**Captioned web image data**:

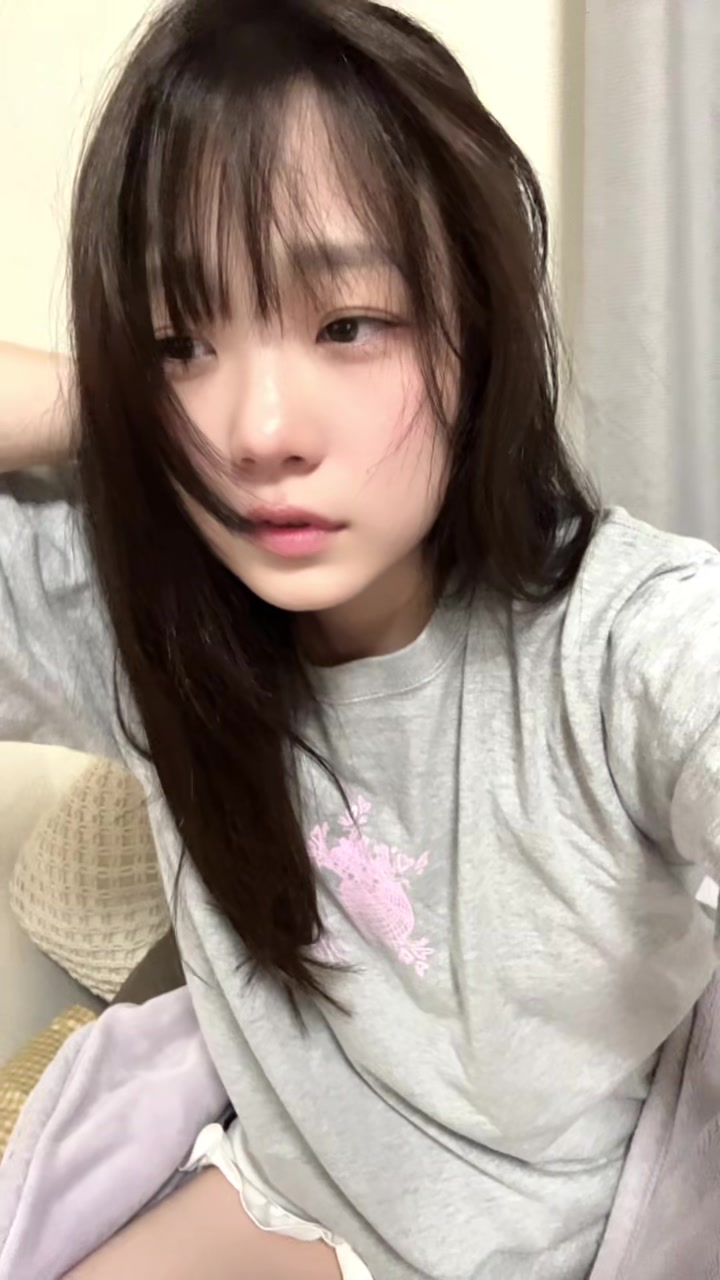@buzama_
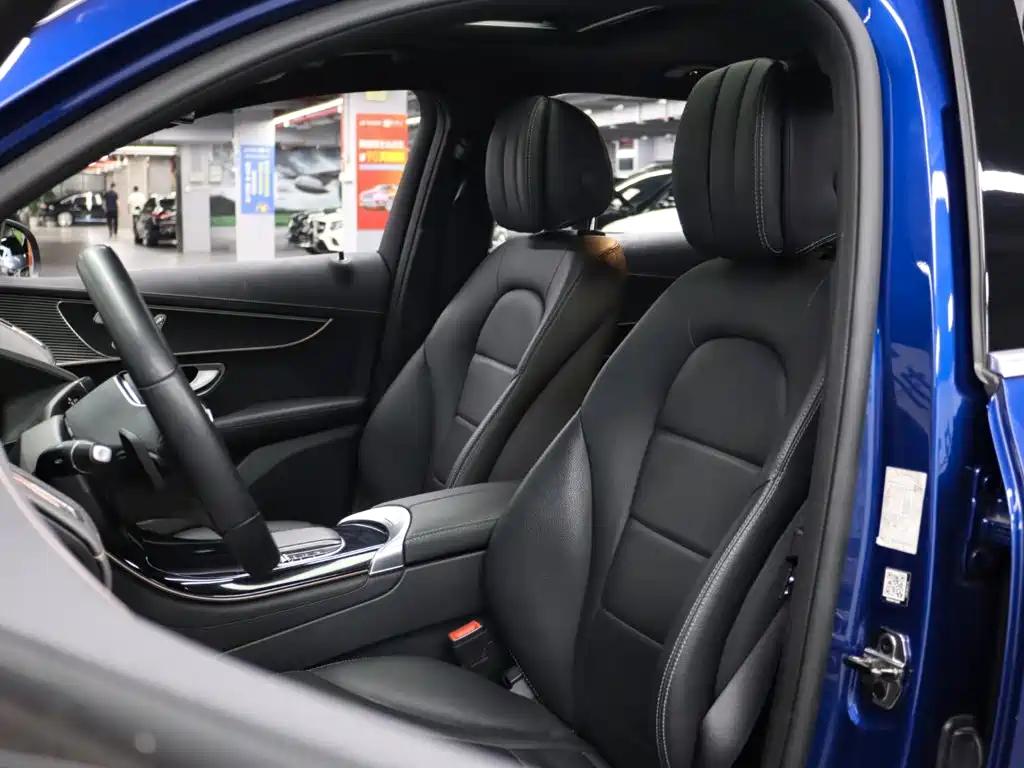 Mercedes-Benz EQC — миниатюра 9
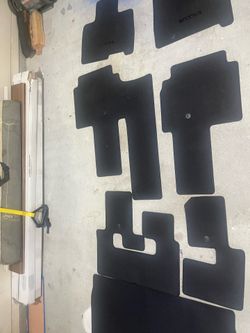 Original Kia Carnival SX P floor mats
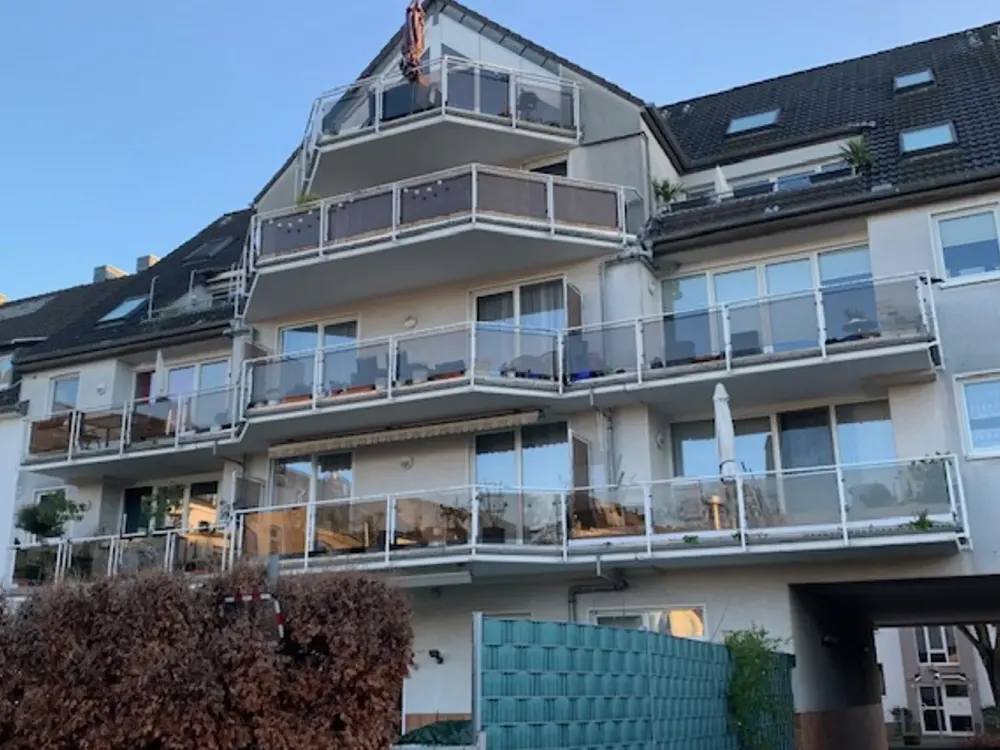 Helle, freundliche 2-Zimmer-Maisonnettewohnung mit Balkon in gepflegter Wohnanlage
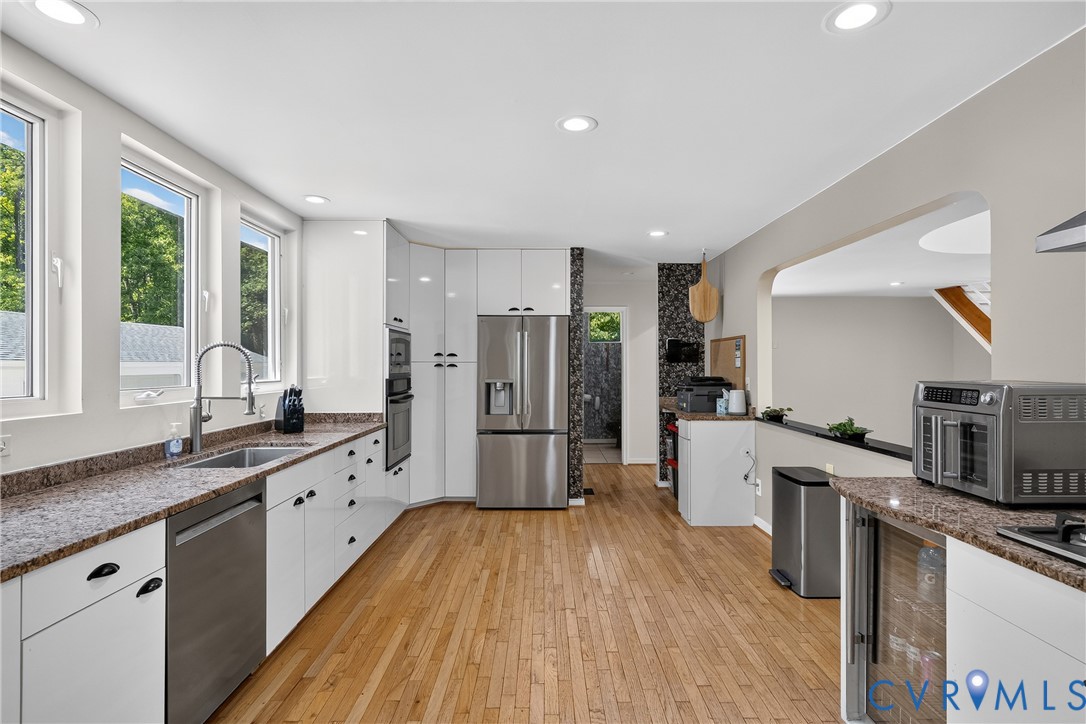 17089 Goshen Road Montpelier, VA 23192 - Photo 10 of 64 Stainless steel appliances, recessed lighting, woo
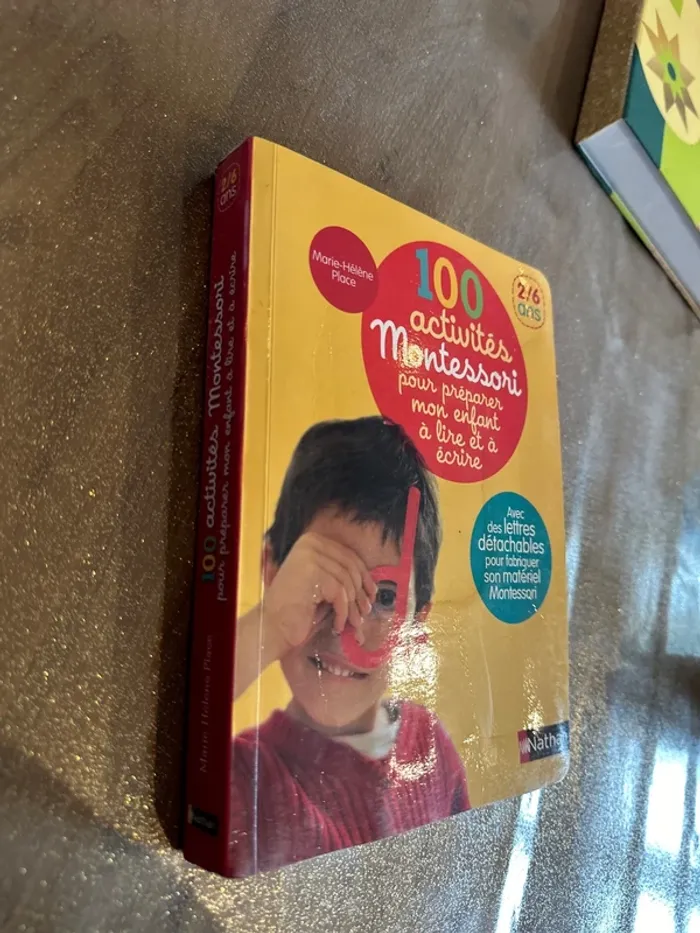 Livre sans activité Montessori pour préparer mon enfant, à lire et à écrire - photo numéro 2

**WHAT TO PRODUCE**: With the pictures omitted, print precisely the lines from the one with "17089 Goshen Road" to the final line of the records, both included.

**EXERCISE RESPONSE**:
 17089 Goshen Road Montpelier, VA 23192 - Photo 10 of 64 Stainless steel appliances, recessed lighting, woo
 Livre sans activité Montessori pour préparer mon enfant, à lire et à écrire - photo numéro 2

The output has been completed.